In a recent column at Health Affairs, billionaire activist and former Enron executive John Arnold argued it is “time for Congress to go all in on drug-pricing reform.” Arnold recommends enacting patent reform, implementing reference pricing (like the International Pricing Index), and using measures to ensure drug prices “cannot exceed their clinical benefit.”
In his opening paragraphs, Arnold also repeats the claim – so often used by organizations funded by his foundation – that taxpayer dollars are responsible for American pharmaceutical innovation.
We have addressed this argument several times – see here and here. Former Tufts University School of Medicine Dean Dr. Michael Rosenblatt also took on this claim in a recent Boston Globe op-ed. Dr. Rosenblatt explains some lawmakers and advocates “prefer to believe that federally funded scientists development medicines on their own … Nothing could be further from the truth. … This early work is essential, but it’s only the beginning of long, arduous, and highly risky process that is the domain of private sector companies.”

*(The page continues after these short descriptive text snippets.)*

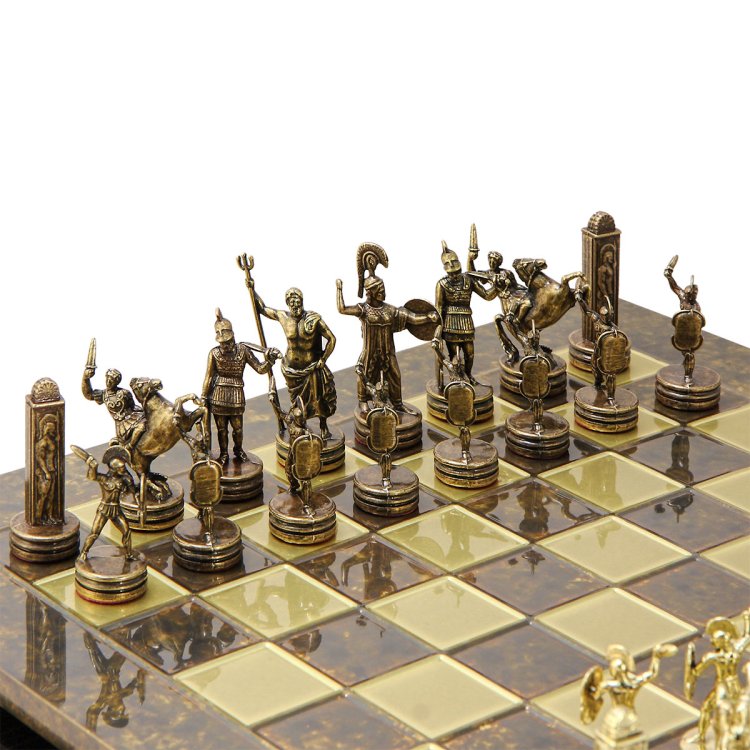 Шахматы Троянская война, коричневая доска, большие Manopoulos MP-S-19-C-54-BRO, фотография бронзовых фигур на доске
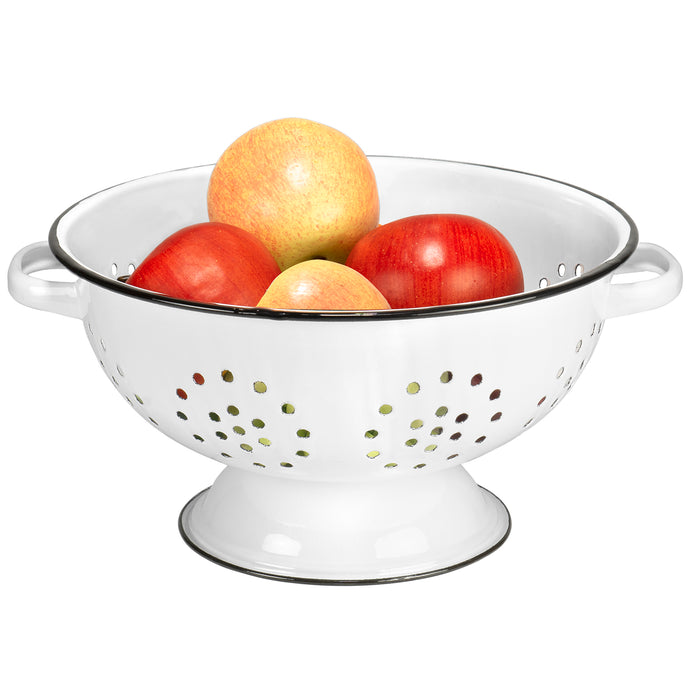 Red Co. Enamelware Metal Classic 10.5 Inch Round Food Strainer Colander with Two Handles, Distressed White/Black Rim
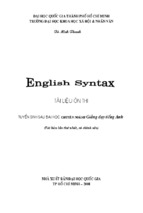 Tài liệu ôn thi cao học chuyên ngành giảng dạy tiếng anh - english syntax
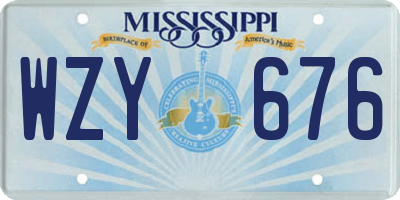 MS license plate WZY676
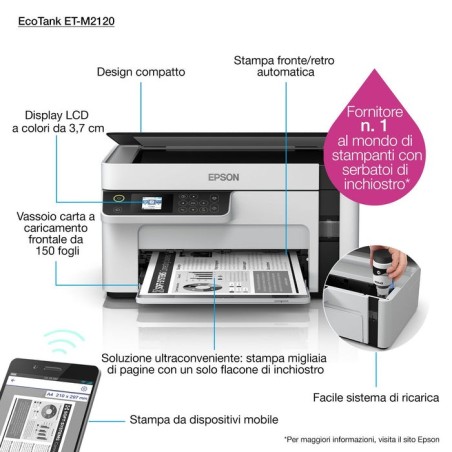 Epson multifunción a4 mono ecotank et-m2120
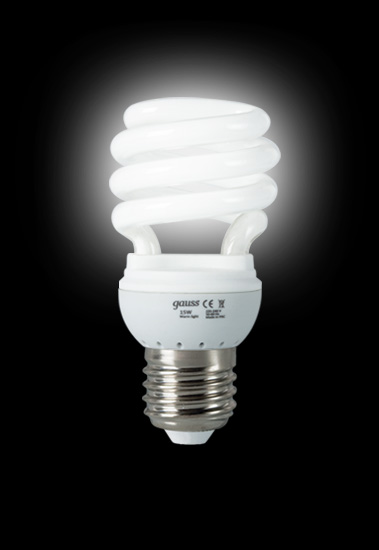 Энергосберегающая лампа Gauss T2 SPIRAL 220-240V 15W 4200K E27  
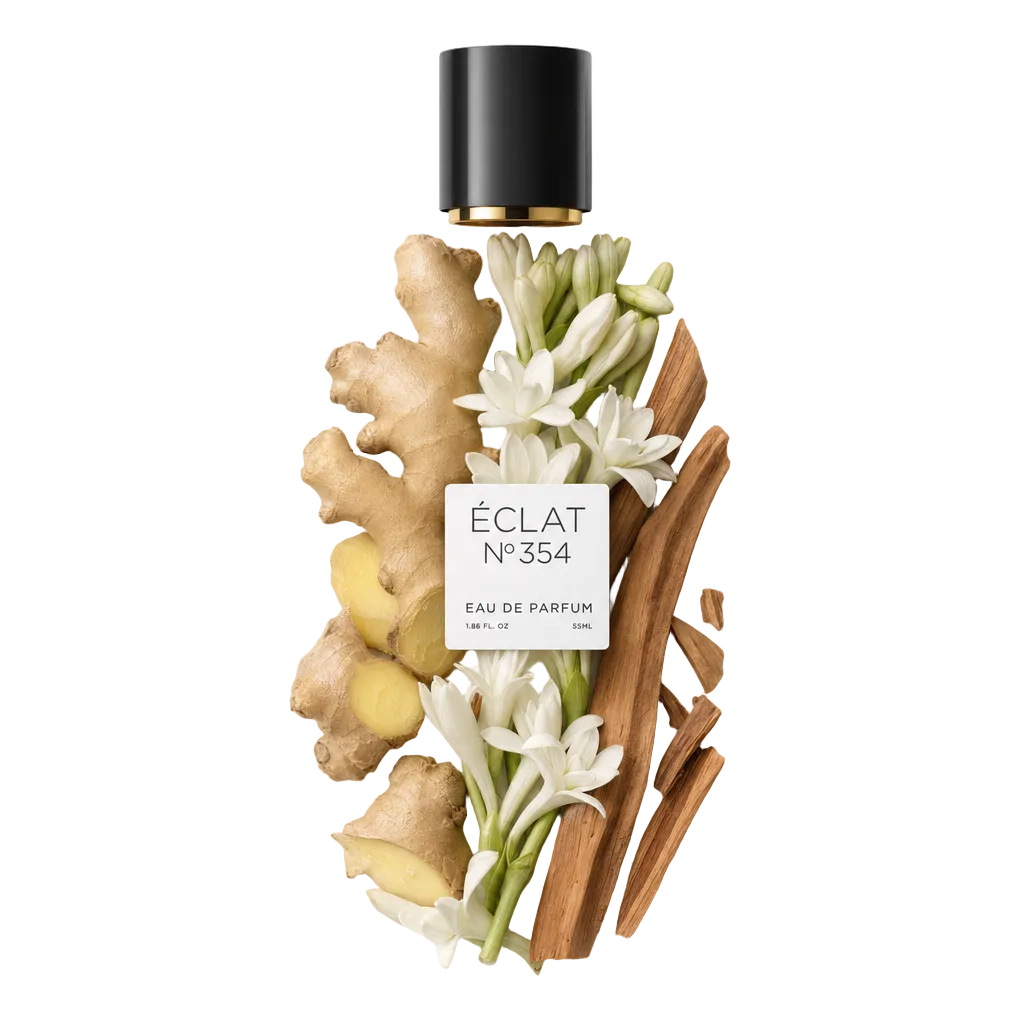Kompozycja z korzeni imbiru, białych kwiatów i lasek cynamonu pod czarną nakrętką z etykietą ÉCLAT Floral Ginger.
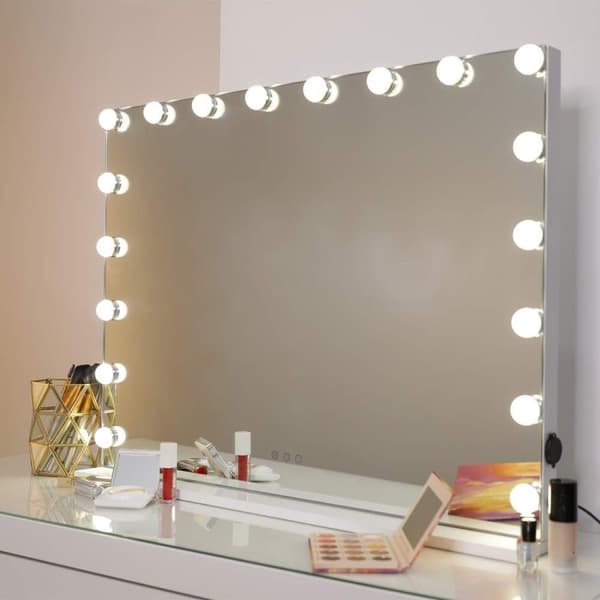 Bright Beauty Vanity Namira XL - sminkspegel med belysning - hollywoodspegel - make up spegel - vit - dimbar med tre ljuslägen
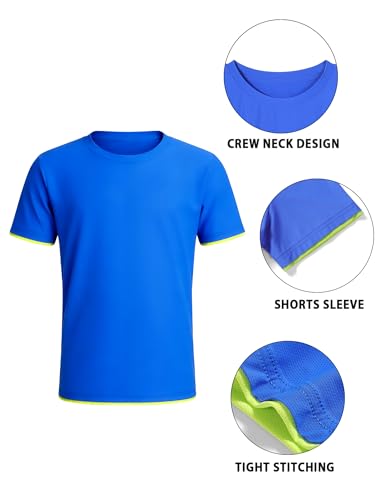Image of Somaibo Boys Athletic Shirts Mesh Kids Short Sleeve T-Shirts Quick Dry Youth Activewear Tops for Teens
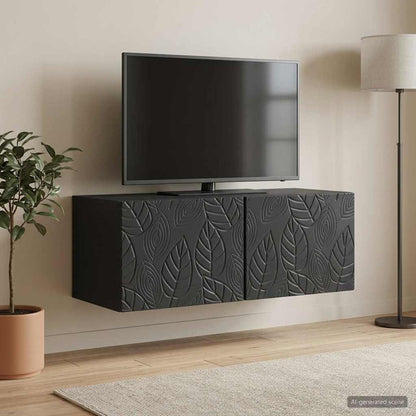 vidaXL Wall-Mounted TV Cabinet 98 x 31 cm Black Engineered Wood 1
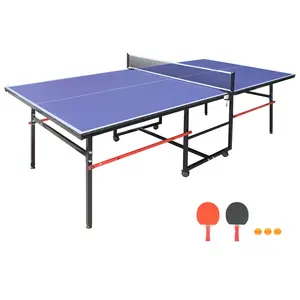 Blue Foldable MDF Ping Pong Table 96.06x48.03x29.92 Inch Aluminum Frame Portable Space-Saving Table Tennis Set with Net Paddles Balls for Indoor Home Game Room Office Use FoldablePingPongTable MidSizeTableTennis IndoorGameTable PortablePingPongSet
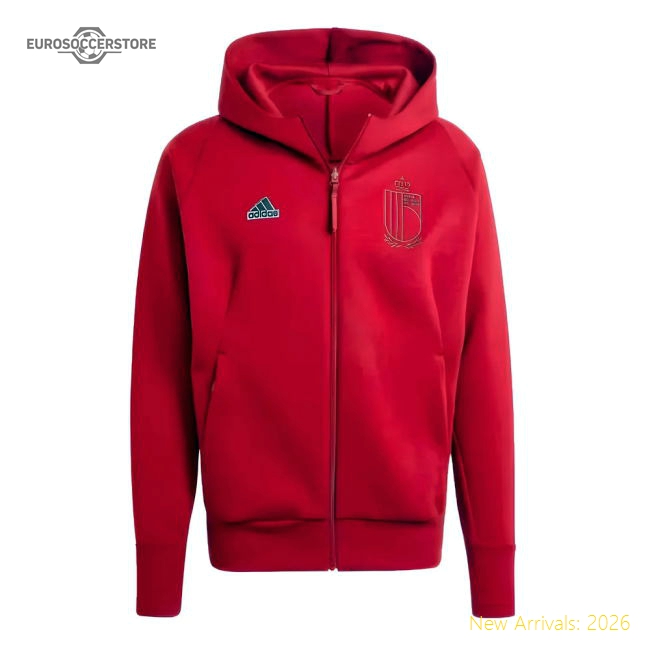 2024-2025 Belgium Travel Full Zip Hoody (Burgundy)-Football Jersey Hub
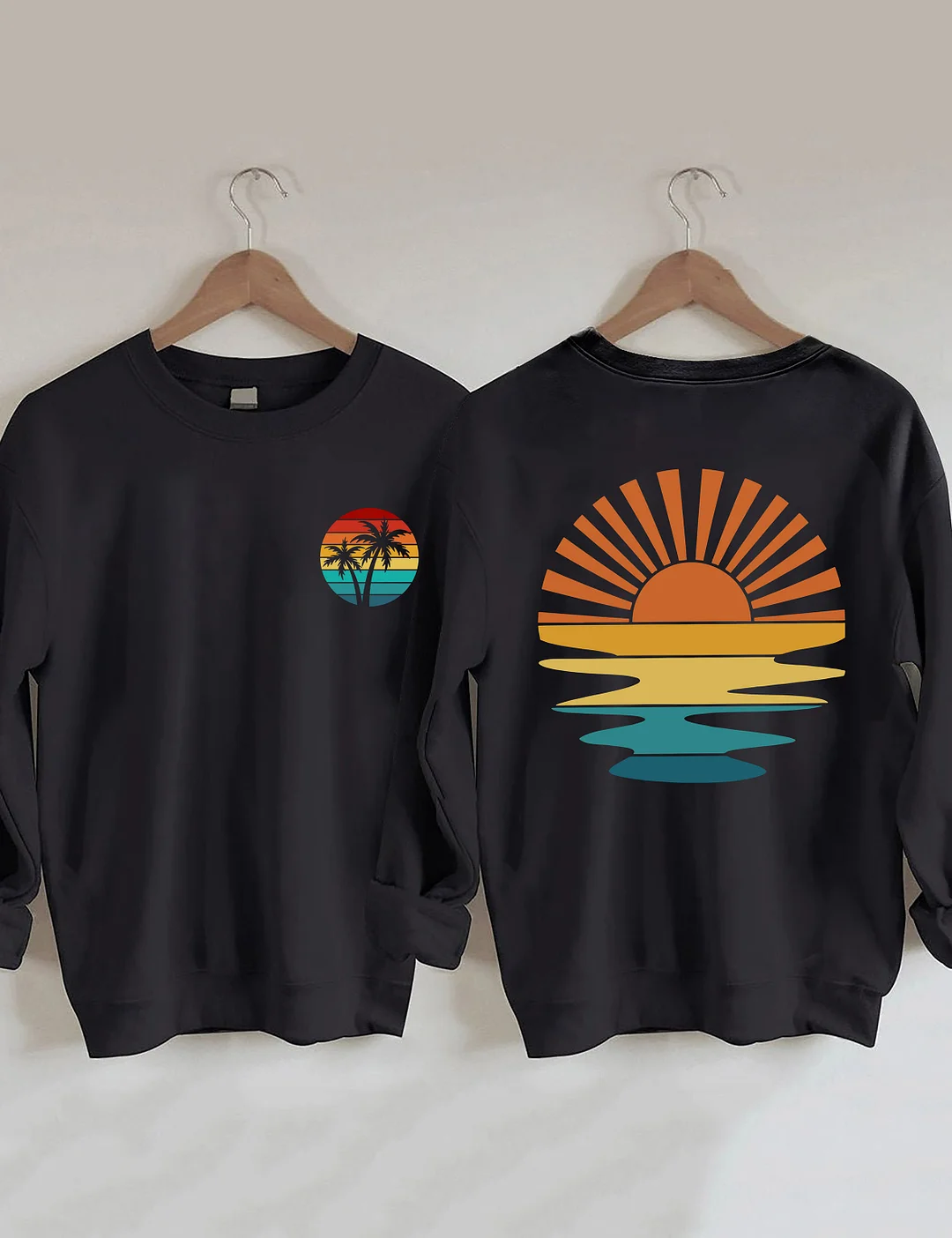 Retro Sunset Rays Wavy Sweatshirt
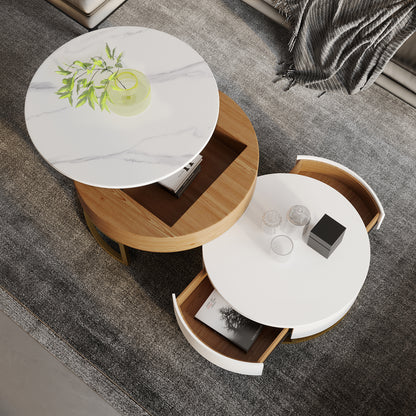 Terra 3-Compartment Modern Round Marble Coffee Table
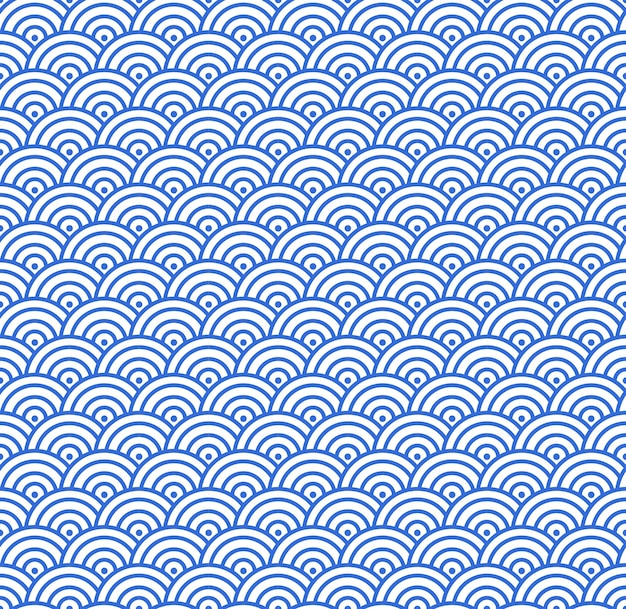 Seamless abstract blue wave pattern japanese tradition style Fabric texture retro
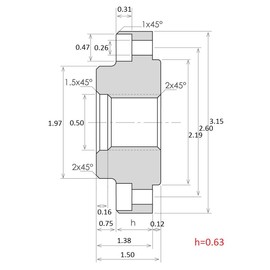 HHIP 3900-4129 Backplate for 3" 4 Jaw Chuck, 1/2" - 20"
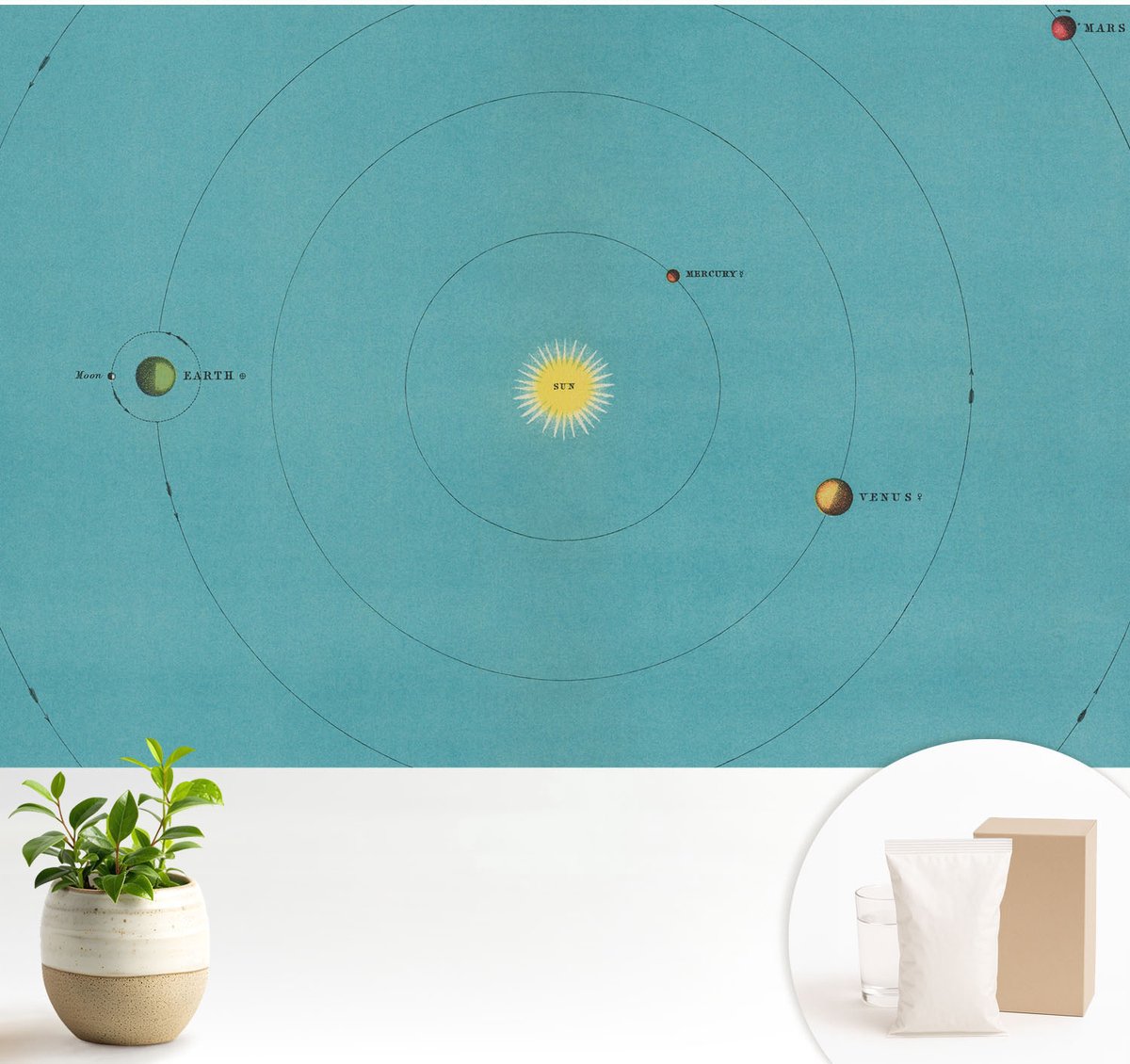 Wallfluent Fotobehang - Blauw Vliesbehang - 104x70 cm - Kosmisch Systeem Fotobehang Vlies - Hal behang Kosmos - Muurschildering - Woonkamer behang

In addition to embracing reference pricing, Arnold argues federal lawmakers should “create an inflationary rebate in Medicare Part D, which would require manufacturers to pay additional rebates to the program if their prices rise faster than inflation.”
A new paper by the Information Technology and Innovation Foundation (ITIF) explains how efforts like this to limit drug company revenues will affect private sector innovation. It notes, “Academic studies consistently show that a reduction in current drug revenues leads to a fall in future research and the number of new drug discoveries” and concludes, “the biopharmaceutical industry is one of America’s leading sectors in terms of funding research and employing researchers. Public policy should try to encourage its growth and protect its competitiveness.”
Arnold’s assertion that Congress must enact policies to ensure drug prices “cannot exceed their clinical benefit” clearly is a pitch for the Arnold-funded Institute for Clinical and Economic Review (ICER). We have documented here and here how ICER is lobbying state lawmakers to embrace its work. Arnold obviously wants Congress to utilize ICER’s model as well.
Oddly, however, Arnold’s pitch for ICER comes with a critique of Novartis’ Zolgensma, which treats spinal muscular atrophy in babies and toddlers. Arnold argues drugs like Zolgensma will “make employer insurance more costly, reduce workers’ wages, wreak federal and state budgets, and drain family budgets.”
Here is what ICER President Dr. Steven Pearson said about the treatment, however: “Zolgensma is dramatically transforming the lives of families affected by this devastating disease, and given the new efficacy data for the presymptomatic population, the price announced … falls within the upper bound of ICER’s value-based price benchmark range.”
That’s a fair assessment given that a single dose of Zolgensma is a cure.
ICER’s model does not always work, however – it has admitted as much. And the fact that it often ignores input from patients and their families is troublesome.
For that reason, and so many others, federal lawmakers should be wary of Arnold’s pitch for it.